## Available records
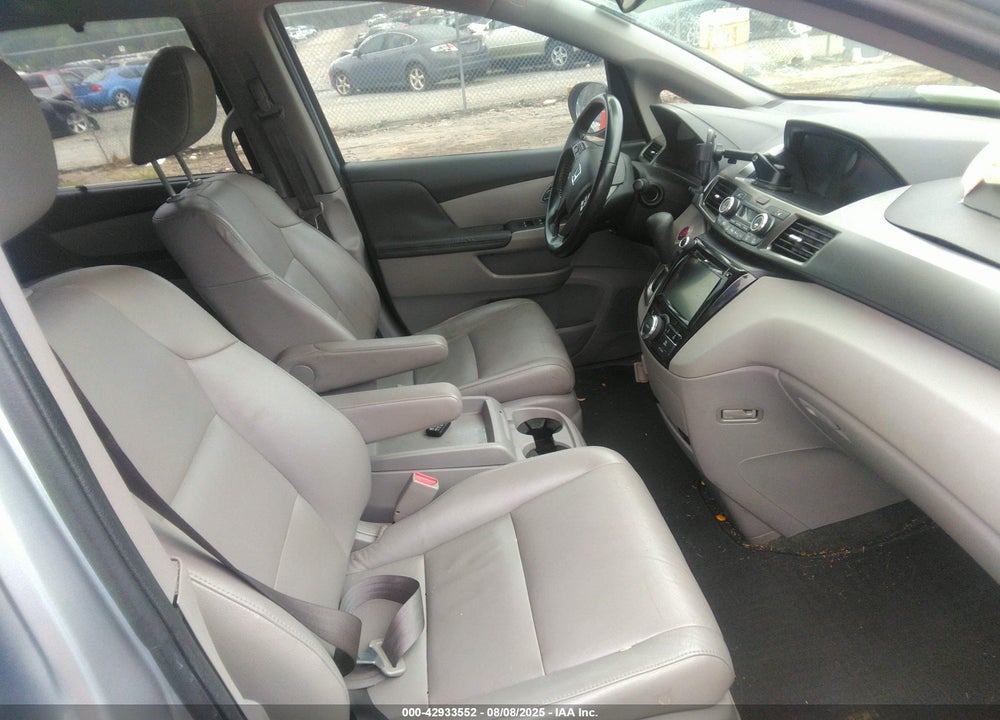 2016 HONDA ODYSSEY EX-L VIN: 5FNRL5H6XGB100798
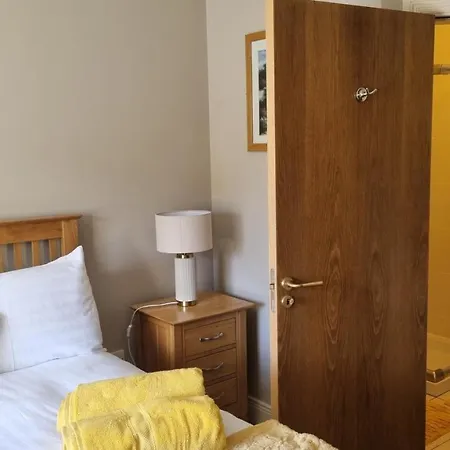 2 Bedroomed Ground Floor * Kenmare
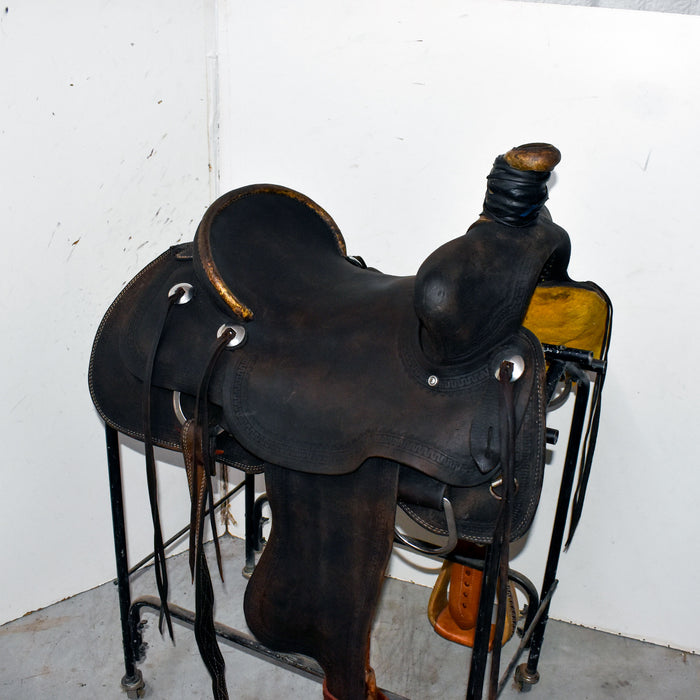Used SRS 15.5" Rider Saddle Sale Barn misc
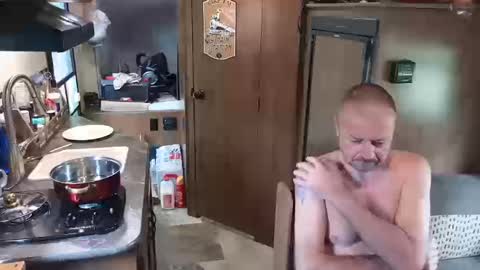 Norm online show from 09-25-25, 03:38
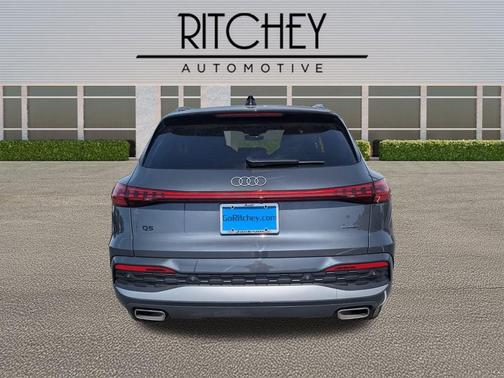 Tambora Gray 2025 Audi Q5 Premium Plus TFSI quattro S tronic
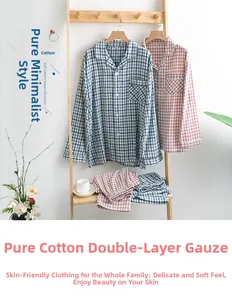 Détail de pyjamas en double gaze de coton doux avec motifs à carreaux bleu et rouge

## Problem statement
Repeat the data above exactly; images are not part of the copy.

## Result of this exercise
 2016 HONDA ODYSSEY EX-L VIN: 5FNRL5H6XGB100798
 2 Bedroomed Ground Floor * Kenmare
Used SRS 15.5" Rider Saddle Sale Barn misc
 Norm online show from 09-25-25, 03:38
 Tambora Gray 2025 Audi Q5 Premium Plus TFSI quattro S tronic
 Détail de pyjamas en double gaze de coton doux avec motifs à carreaux bleu et rouge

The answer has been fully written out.